+++ Input for this task

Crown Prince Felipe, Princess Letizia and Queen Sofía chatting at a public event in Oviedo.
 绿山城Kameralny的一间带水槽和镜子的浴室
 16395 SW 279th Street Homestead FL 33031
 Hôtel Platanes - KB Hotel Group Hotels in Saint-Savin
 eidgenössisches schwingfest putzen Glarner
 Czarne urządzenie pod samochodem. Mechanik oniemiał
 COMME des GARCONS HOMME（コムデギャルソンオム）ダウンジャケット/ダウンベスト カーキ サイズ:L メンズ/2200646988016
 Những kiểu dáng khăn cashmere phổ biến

++++++

• [Task item]:
Repeat all entries. Match them exactly.

• [Task answer]:
Crown Prince Felipe, Princess Letizia and Queen Sofía chatting at a public event in Oviedo.
 绿山城Kameralny的一间带水槽和镜子的浴室
 16395 SW 279th Street Homestead FL 33031
 Hôtel Platanes - KB Hotel Group Hotels in Saint-Savin
 eidgenössisches schwingfest putzen Glarner
 Czarne urządzenie pod samochodem. Mechanik oniemiał
 COMME des GARCONS HOMME（コムデギャルソンオム）ダウンジャケット/ダウンベスト カーキ サイズ:L メンズ/2200646988016
 Những kiểu dáng khăn cashmere phổ biến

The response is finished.